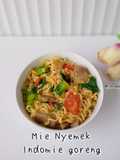 Mie nyemek Indomie goreng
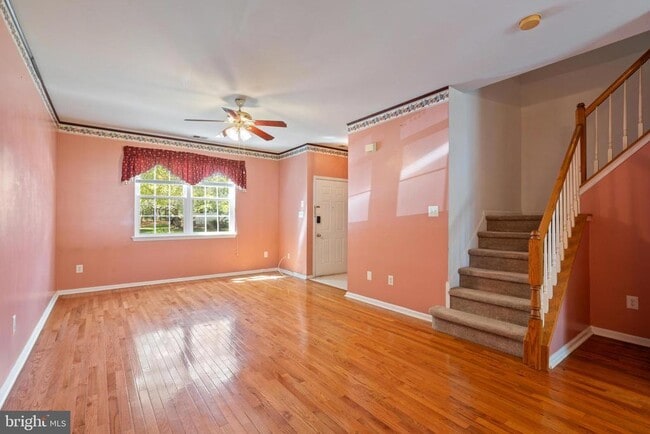 Building Photo - 1209 Blossom Cir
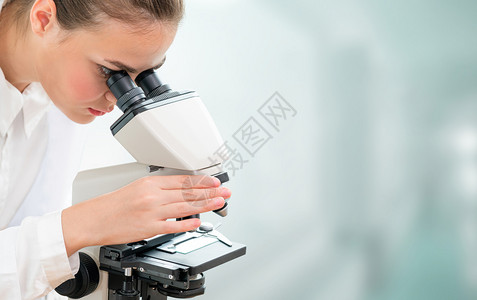 在实验室使用显微镜的研究员图片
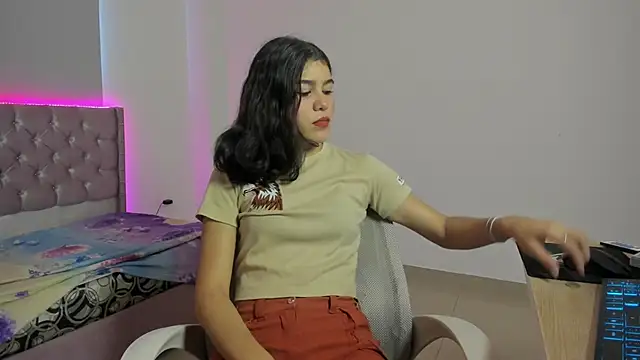 beiby glow online show from 28, 10, 2025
::::::::
YOUR INSTRUCTIONS =
Exactly reproduce the lines beginning at the one that contains "在实验室使用显微镜的研究员图片" and ending at the final line of the material, with the pictures left out.

SOLUTION TO THIS EXERCISE =
 在实验室使用显微镜的研究员图片
 beiby glow online show from 28, 10, 2025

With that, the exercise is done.